La pace è un’altra cosa

Non c’è solo odio. C’è anche la retorica bellica, l’informazione a senso unico, la dipendenza dalla propaganda. Lo dimostra la copertura del conflitto in Ucraina: entusiasmo per i “fantasmi” di Kyiev, silenzio sulle manipolazioni. Due pesi e due misure nella narrazione dei morti: quelli ucraini sono vittime, quelli palestinesi numeri. E ancora: rifugiati europei raccontati con empatia, migranti africani trattati come minaccia. L’etica del giornalismo, qui, ha i confini di Schengen.

C’è poi la pornografia della sofferenza, la “TV del dolore” che si alimenta di tragedie private. I minori vengono spiati e spiattellati, le persone accusate sono giudicate prima dei tribunali, le famiglie delle vittime usate come arredi da studio. Il rispetto della dignità è diventato una variabile accessoria. Le regole – Carta di Treviso, Testo unico dei doveri del giornalista – esistono, ma non abitano le redazioni.

E intanto i giornalisti si scoprono poveri, ricattabili, sostituibili. Il lavoro precario diventa precario anche nel pensiero. Chi lavora in una redazione sa che vale di più un titolo urlato che una verifica. Chi lavora da freelance sa che non ci sarà tempo per controllare, ascoltare, raccontare davvero. I “tempi difficili da percorrere e da raccontare” evocati oggi dal Papa in Italia sono già una resa.

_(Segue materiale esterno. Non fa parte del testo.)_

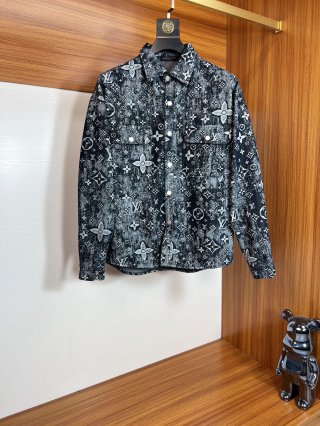 Coats & Jackets Coats & Jackets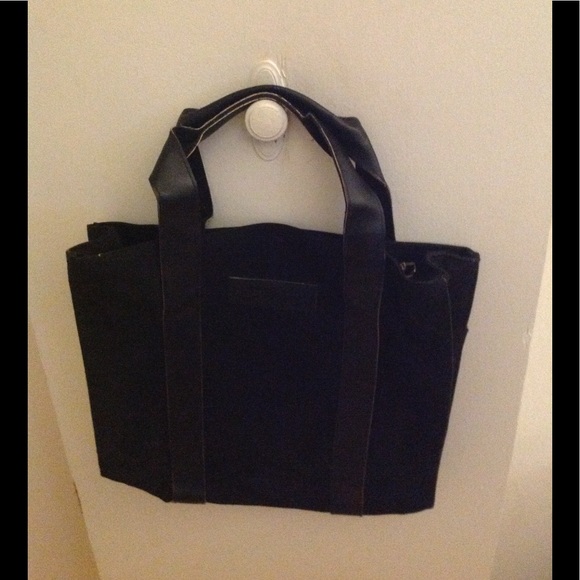 Black Leather Kenneth Cole Tote. - Picture 1 of 1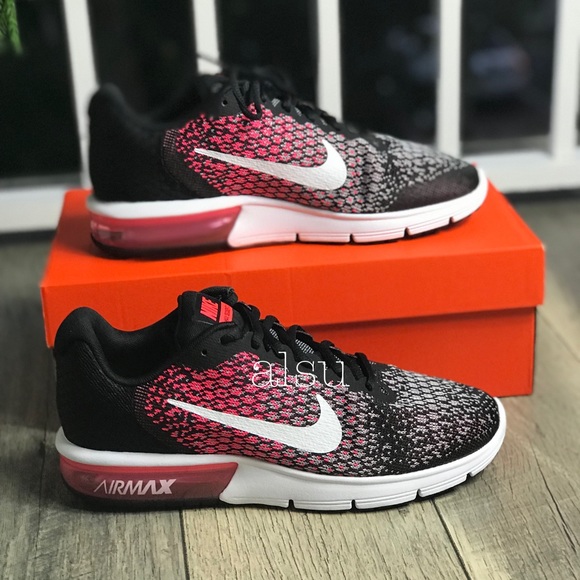 NWT Nike Air Max Sequent 2 B/W-Racer Pink WMNS - Picture 2 of 7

Leone XIV ha parlato di comunicazione come creazione di una rete di amicizia. Di uno sguardo diverso sul mondo. Ha chiesto che la tecnologia – intelligenza artificiale compresa – serva l’umanità. Ha detto ai giornalisti che la Chiesa li considera testimoni. Ha detto che solo i popoli informati possono fare scelte libere.

Ha parlato ai giornalisti. Ma in Italia, chi gli ha risposto? Chi ha fatto silenzio per ascoltare davvero? Chi ha rinunciato alla competizione per cercare la verità? Chi ha disarmato la lingua?Forse nessuno. Perché qui la parola è ancora un’arma. Ma non serve a difendere la giustizia. Serve a costruire nemici.